- **EXERCISE DIRECTIONS**: How many lines of the records below contain the word "κοντά"? Answer with the number alone.
::: DATA SECTION
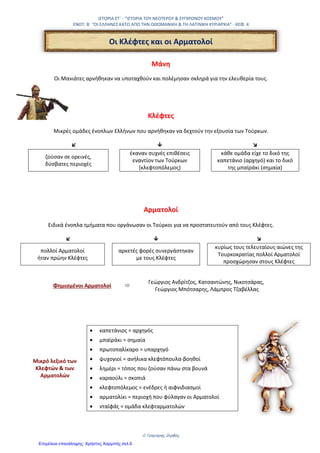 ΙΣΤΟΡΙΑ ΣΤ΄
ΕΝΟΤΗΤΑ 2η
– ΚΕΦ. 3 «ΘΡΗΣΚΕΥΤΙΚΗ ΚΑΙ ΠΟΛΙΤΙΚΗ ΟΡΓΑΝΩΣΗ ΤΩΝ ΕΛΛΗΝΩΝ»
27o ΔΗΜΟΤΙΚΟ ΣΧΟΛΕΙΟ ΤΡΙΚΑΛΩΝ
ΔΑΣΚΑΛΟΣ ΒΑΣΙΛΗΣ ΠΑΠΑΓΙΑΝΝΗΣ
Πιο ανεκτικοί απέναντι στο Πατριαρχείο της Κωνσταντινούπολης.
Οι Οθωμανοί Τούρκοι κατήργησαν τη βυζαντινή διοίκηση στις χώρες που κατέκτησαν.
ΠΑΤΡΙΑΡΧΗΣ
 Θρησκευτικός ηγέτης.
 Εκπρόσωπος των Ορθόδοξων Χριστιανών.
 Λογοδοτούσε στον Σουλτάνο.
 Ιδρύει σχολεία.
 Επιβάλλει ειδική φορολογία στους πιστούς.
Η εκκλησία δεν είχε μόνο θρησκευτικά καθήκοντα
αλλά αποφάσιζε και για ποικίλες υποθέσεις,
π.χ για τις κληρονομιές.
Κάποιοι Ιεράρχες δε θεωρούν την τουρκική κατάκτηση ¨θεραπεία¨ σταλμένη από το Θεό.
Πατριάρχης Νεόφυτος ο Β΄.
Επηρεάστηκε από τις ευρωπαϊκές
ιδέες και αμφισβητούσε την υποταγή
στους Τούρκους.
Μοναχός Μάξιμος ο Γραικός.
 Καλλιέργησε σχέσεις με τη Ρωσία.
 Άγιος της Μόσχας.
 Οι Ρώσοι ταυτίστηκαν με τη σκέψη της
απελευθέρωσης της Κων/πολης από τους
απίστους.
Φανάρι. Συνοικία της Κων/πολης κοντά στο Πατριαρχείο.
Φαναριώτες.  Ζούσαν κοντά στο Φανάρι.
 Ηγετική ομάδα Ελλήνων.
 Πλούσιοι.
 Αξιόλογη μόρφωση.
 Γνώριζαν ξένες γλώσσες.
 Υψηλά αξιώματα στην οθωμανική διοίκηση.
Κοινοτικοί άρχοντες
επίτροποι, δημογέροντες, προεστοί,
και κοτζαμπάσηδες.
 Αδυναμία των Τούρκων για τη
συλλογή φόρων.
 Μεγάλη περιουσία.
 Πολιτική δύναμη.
::::::
::: DATA SECTION
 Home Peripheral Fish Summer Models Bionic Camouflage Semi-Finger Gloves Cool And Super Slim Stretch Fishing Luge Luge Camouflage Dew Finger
::::::
- **SOLUTION TO THIS PROBLEM**: 2